Many internists love Sherlock Holmes.  Arthur Conan Doyle was a physician who stressed observation and reasoning.  As one carefully reads Sherlock Holmes and his successors, one can learn much about the reasoning process.

We currently have two school of reasoning in cognitive psychology.  One school, popularized by Kahneman and Tversky, focuses on diagnostic errors.  Many internists have loved this school.  Their work provides us labels and explanations for our misses.  We warn our learners about these errors.  However, one should question whether knowing the types of errors helps us develop expertise.

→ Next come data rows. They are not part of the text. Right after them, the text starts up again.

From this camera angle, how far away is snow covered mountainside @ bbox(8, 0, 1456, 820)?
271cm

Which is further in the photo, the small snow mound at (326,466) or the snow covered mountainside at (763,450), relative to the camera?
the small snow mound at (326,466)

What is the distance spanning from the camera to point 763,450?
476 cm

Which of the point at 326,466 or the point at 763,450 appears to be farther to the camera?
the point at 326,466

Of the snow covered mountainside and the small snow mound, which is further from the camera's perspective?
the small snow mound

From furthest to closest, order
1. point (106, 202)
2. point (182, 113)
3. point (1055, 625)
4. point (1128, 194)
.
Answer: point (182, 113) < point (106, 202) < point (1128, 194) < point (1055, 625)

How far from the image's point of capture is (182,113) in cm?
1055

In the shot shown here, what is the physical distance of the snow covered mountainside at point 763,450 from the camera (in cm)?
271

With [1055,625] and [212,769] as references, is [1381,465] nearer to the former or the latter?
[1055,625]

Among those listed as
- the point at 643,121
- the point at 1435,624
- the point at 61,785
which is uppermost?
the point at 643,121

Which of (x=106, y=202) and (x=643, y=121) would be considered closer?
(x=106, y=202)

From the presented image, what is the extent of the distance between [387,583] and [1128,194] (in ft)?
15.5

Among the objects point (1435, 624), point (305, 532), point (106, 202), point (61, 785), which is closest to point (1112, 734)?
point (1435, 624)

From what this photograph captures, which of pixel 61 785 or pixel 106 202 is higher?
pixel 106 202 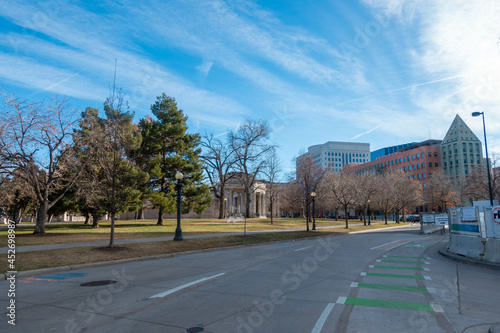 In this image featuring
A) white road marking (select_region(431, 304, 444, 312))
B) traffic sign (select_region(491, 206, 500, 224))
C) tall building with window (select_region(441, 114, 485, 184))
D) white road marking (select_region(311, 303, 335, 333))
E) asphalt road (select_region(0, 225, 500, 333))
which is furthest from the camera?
tall building with window (select_region(441, 114, 485, 184))

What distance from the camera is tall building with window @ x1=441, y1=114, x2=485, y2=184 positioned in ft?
336

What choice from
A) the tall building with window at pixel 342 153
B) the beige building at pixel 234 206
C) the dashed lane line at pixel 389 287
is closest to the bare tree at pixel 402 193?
the beige building at pixel 234 206

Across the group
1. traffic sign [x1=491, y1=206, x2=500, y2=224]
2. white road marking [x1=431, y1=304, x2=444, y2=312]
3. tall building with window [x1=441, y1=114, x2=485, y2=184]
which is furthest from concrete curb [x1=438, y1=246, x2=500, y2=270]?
tall building with window [x1=441, y1=114, x2=485, y2=184]

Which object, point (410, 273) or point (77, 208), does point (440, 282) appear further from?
point (77, 208)

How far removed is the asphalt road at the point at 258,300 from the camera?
5.16 meters

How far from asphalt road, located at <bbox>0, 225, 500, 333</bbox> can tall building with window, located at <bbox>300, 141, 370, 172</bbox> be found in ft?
548

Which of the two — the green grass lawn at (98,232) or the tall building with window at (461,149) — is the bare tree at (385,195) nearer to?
the green grass lawn at (98,232)

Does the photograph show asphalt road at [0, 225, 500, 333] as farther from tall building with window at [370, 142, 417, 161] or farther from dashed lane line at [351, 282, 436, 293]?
tall building with window at [370, 142, 417, 161]

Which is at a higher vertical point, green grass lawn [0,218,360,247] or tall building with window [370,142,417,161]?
tall building with window [370,142,417,161]

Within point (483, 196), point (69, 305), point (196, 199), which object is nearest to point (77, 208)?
point (196, 199)

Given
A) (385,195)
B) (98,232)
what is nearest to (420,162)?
(385,195)

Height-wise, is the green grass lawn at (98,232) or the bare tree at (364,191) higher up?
the bare tree at (364,191)

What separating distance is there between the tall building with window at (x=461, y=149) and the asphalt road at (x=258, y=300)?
108m

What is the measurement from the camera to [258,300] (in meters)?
6.63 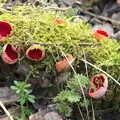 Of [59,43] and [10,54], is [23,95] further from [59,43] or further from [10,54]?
[59,43]

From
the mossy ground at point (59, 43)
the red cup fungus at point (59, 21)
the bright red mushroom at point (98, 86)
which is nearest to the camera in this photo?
the bright red mushroom at point (98, 86)

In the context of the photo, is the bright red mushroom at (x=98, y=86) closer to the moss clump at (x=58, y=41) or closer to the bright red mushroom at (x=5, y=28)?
the moss clump at (x=58, y=41)

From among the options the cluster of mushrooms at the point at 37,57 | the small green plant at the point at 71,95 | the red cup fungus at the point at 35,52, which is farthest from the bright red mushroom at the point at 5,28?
the small green plant at the point at 71,95

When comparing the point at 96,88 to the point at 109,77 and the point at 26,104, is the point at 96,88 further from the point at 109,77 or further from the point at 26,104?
the point at 26,104

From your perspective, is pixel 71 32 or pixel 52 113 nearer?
pixel 52 113

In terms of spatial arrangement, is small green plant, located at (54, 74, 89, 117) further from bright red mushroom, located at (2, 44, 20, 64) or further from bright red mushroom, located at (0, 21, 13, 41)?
bright red mushroom, located at (0, 21, 13, 41)

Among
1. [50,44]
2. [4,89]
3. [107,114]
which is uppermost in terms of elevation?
[50,44]

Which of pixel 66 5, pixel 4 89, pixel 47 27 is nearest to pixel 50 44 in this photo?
pixel 47 27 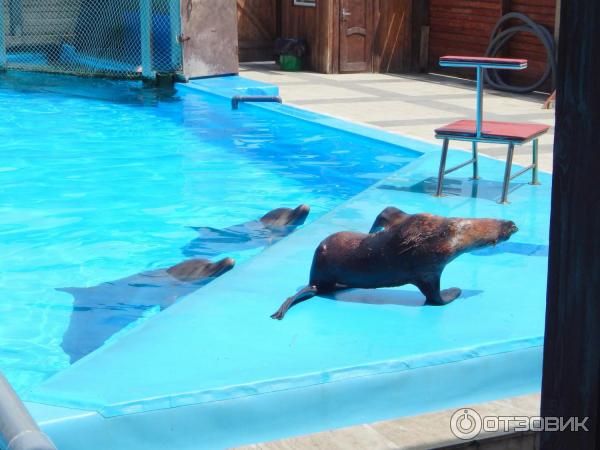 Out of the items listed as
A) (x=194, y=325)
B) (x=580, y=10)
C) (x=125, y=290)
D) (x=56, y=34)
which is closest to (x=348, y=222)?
(x=125, y=290)

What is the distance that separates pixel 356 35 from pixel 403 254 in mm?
12463

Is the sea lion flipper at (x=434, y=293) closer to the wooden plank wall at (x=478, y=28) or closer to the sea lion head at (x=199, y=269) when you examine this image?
the sea lion head at (x=199, y=269)

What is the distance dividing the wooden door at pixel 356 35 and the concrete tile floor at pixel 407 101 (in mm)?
293

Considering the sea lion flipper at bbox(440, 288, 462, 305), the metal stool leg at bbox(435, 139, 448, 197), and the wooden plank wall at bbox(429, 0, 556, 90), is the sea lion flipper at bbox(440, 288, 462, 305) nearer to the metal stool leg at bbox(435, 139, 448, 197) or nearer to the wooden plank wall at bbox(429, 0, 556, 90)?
the metal stool leg at bbox(435, 139, 448, 197)

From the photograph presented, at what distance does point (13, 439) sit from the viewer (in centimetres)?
243

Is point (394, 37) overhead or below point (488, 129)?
overhead

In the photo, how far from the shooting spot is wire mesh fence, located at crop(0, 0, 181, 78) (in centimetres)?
1448

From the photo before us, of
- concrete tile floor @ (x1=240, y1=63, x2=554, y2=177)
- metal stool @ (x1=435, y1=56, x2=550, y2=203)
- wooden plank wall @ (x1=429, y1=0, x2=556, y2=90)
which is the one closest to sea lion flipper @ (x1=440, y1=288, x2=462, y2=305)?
metal stool @ (x1=435, y1=56, x2=550, y2=203)

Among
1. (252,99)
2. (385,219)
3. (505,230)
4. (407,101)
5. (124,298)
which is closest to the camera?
(505,230)

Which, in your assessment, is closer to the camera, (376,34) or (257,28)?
(376,34)

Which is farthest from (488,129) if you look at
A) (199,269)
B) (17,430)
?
(17,430)

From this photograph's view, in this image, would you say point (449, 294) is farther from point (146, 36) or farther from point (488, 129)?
point (146, 36)

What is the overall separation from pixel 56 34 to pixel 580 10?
16.3 meters

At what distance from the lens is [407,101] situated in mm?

Naturalistic decision making (with Gary Klein as probably its most well known practitioner) describes a field dedicated to understanding expertise.  Thus we have the contrast of approach clinical reasoning either from a negative (error) approach or a positive (expertise) approach.  

These viewpoints are not mutually exclusive.  

For those who have great interest, I highly recommend Conditions for Intuitive Expertise: A Failure to Disagree

Another worthwhile discussion – Strategic decisions: When can you trust your gut?

Klein values intuition but does not rely on it alone.  He states:

It depends on what you mean by “trust.” If you mean, “My gut feeling is telling me this; therefore I can act on it and I don’t have to worry,” we say you should never trust your gut. You need to take your gut feeling as an important data point, but then you have to consciously and deliberately evaluate it, to see if it makes sense in this context. You need strategies that help rule things out. That’s the opposite of saying, “This is what my gut is telling me; let me gather information to confirm it.”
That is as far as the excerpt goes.